Analysis of SA and camalexin accumulation in plants treated with Pto DC3000. Levels of total free (A) and conjugated (B) SA, or total camalexin (C) as determined by HPLC in leaves of 4-week-old soil-grown plants mock spayed or treated with Pto DC3000 (OD₆₀₀=0.02). (Results shown are mean±SE; n=4).

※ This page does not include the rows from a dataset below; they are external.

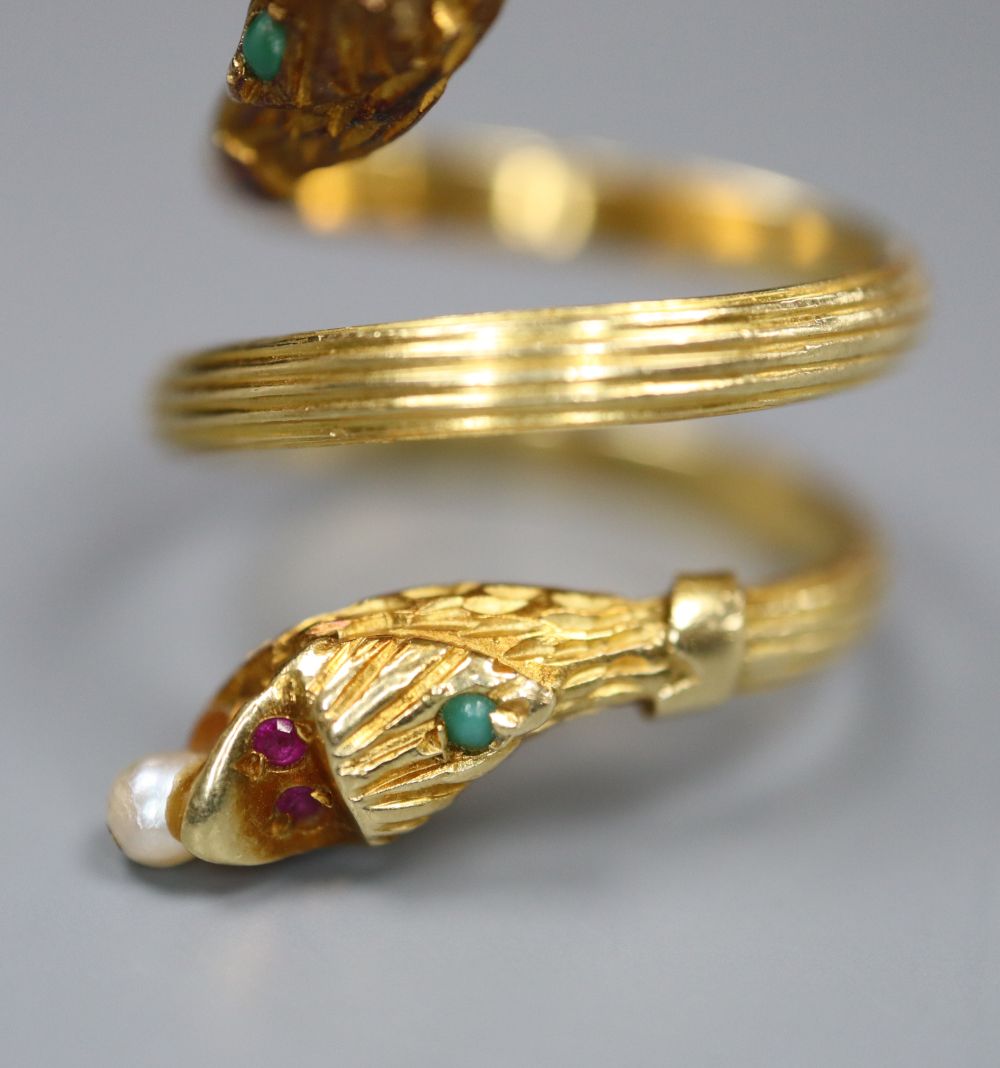 A Georgian style reeded yellow metal and gem set twin headed serpent ring, seed pear later added, - Image 2 of 3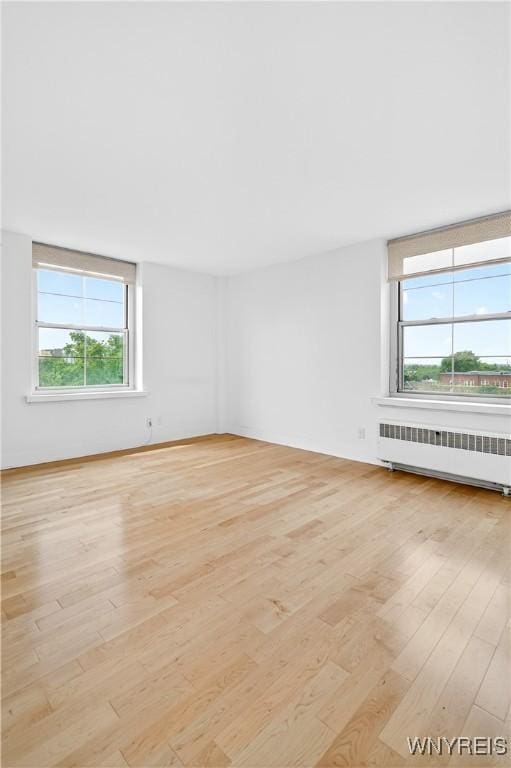 spare room with radiator heating unit, plenty of natural light, and light wood-type flooring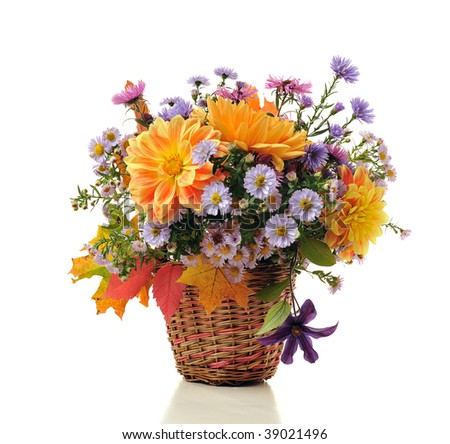bouquet of autumn flowers in basket isolated on white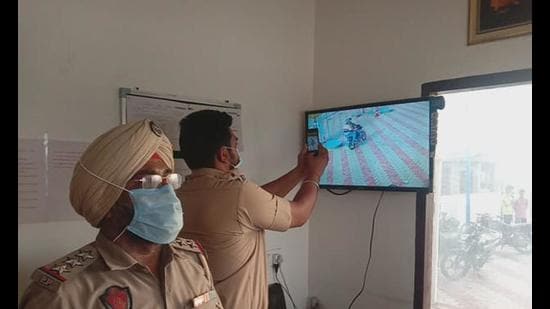 Investigating officers scrutinising the footage of CCTV cameras installed at the petrol pump near Phullanwal to gather clues about the robbers, in Ludhiana on Friday. (HT PHOTO)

One-way ANOVA/Holm–Sidak: a≠b, P<0.05.

Fig. 10.

Pto DC3000-induced ethylene production in seedlings. Two-week-old seedlings of Col-0 and corresponding mutant lines were treated with Pto DC3000 (OD₆₀₀=0.02) and total amount of ethylene produced by treated plants in 24 h was measured. (Results shown are mean±SE; n=6). One-way ANOVA/Holm–Sidak between treated line samples: a≠b, P<0.05; a≠c, P<0.02.

Fig. 11.

Callose deposition in cotyledons in response to elf18 or Pto DC3000. Ten-day-old seedlings were treated for 24 h with 1 µM elf18 (A) or Pto DC3000 (OD=0.02) (B). Photographs of aniline blue-stained cotyledons under UV epifluorescence were quantified with ImageJ. Data shown are mean values±SE (n>10) of relative callose intensities (RIU, relative intensity units) as measured at 24 h after pathogen or PAMP treatment. One-way ANOVA/Holm–Sidak between treated lines samples: a≠b, P<0.03; a≠c, P<0.05.